We’ve noted before that one of the problems that we frequently run into with enterprises’ monitoring practices is that they have too many alerts triggering. While technically this problem can be solved using best practices (i.e. scheduling downtime on active alerts until they can be addressed, tuning thresholds, reporting on most frequent alerts and addressing them first, etc.), sometimes a split in team responsibilities makes it hard to solve. If the team running the monitoring does not know an appropriate threshold or know whether an alert is actionable or not, what then?
We’ve talked before about this – using a security incident at a nuclear weapons facility as an example of poor practices. In contrast, the U.S. Navy nuclear program can be held up as an example of good practices. The Harvard Business Review published an article about how the Department of Defense adopted practices from the U.S. Navy’s nuclear-propulsion program to improve cybersecurity – but the same principles also apply to IT monitoring practices.

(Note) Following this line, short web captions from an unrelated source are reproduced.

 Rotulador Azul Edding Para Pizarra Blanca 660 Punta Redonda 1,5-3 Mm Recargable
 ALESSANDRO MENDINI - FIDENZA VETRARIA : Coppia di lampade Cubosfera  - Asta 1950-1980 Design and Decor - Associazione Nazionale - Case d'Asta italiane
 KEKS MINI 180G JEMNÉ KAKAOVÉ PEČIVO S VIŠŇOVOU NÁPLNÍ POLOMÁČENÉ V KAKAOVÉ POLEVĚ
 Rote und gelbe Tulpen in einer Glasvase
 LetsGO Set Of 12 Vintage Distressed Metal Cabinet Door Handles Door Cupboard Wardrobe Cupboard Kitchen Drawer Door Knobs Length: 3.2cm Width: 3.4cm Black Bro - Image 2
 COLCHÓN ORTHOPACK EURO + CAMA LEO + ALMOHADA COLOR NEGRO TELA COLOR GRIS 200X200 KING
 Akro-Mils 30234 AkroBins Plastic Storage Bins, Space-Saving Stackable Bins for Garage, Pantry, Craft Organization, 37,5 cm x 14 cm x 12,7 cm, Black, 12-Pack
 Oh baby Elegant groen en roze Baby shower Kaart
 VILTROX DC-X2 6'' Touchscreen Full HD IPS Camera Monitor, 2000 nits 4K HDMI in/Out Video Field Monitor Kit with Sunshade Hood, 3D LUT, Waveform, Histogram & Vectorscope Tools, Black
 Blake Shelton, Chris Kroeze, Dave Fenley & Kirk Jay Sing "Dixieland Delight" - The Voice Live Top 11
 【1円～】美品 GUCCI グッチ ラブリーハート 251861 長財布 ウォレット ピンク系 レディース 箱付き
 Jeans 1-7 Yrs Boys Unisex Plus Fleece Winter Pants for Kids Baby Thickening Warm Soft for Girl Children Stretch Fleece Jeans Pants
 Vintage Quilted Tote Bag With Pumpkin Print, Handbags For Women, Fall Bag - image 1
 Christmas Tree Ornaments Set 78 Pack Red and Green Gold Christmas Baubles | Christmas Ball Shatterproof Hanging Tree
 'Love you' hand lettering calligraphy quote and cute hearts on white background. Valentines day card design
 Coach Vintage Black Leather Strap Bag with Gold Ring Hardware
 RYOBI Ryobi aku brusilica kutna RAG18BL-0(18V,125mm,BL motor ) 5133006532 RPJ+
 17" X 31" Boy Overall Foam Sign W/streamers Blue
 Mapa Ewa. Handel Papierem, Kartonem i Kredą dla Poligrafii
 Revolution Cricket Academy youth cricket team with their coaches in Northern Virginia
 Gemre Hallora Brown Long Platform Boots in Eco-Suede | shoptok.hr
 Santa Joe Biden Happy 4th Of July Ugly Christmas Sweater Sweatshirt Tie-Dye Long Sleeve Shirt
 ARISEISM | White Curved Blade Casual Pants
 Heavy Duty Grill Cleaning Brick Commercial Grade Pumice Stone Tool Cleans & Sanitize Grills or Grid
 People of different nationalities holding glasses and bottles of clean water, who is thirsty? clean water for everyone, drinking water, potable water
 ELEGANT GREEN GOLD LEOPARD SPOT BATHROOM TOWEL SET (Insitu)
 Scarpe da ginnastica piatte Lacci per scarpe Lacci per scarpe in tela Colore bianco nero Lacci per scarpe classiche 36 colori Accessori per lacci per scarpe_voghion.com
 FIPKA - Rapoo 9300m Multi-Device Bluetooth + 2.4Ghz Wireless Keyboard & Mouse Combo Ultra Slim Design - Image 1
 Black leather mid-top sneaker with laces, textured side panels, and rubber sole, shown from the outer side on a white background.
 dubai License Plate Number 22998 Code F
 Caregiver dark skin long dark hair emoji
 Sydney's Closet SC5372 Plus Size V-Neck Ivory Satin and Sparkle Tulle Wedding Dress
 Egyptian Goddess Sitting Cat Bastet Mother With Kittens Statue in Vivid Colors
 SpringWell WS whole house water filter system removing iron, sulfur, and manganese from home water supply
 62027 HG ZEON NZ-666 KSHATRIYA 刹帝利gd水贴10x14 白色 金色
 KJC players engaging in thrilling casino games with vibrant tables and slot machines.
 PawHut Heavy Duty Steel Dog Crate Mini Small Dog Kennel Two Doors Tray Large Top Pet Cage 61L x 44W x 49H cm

Distilled down, here are the best practices from the HBR article that also apply to monitoring:
- Take charge: If you want to operate a high-reliability organization, ensure that message comes from the top and is clear. Your IT assets are probably sitting in some of the most expensive real estate that the enterprise operates (datacenters). The company chose to invest in the procurement process, hardware, backup and DR for these systems, as well as the purchase or development of the software. They wouldn’t be running the datacenters if they did not add value to their organization. Not all systems will be of equal value to the company, but all should be monitored. And if alerts aren’t configured correctly, alerts from less valuable systems can flood those from critical systems – increasing costly time to resolution.
- Make everyone accountable: Create expectations at all levels that monitoring must be complete (i.e. all service affecting issues should trigger alerts) and actionable (i.e. no repeated false alerts). Set up dashboards and reporting by departments reflecting number and duration of alerts – and make managers accountable.
- Institute training: Establish systematic training on the why and how of monitoring hygiene to help everyone understand its importance – as well as understand how to do it.
- Have consequences: Issues that do not trigger appropriate alerts will occur once in a while as new software is deployed. However, an incident should never be regarded as closed until it has been confirmed that monitoring detected it appropriately and has notified the correct people. If that did not occur, ensure it will happen next time before closing the incident. Failure to do so will lead to future undetected outages, which should have consequences for the people – not just the organization.
If your enterprise is running or using IT infrastructure that is providing value to your organization, you should make the decision to have a monitoring system in place. That’s half the battle – the next step is to ensure that you put the organizational practices in place to make sure the monitoring delivers all the value it should.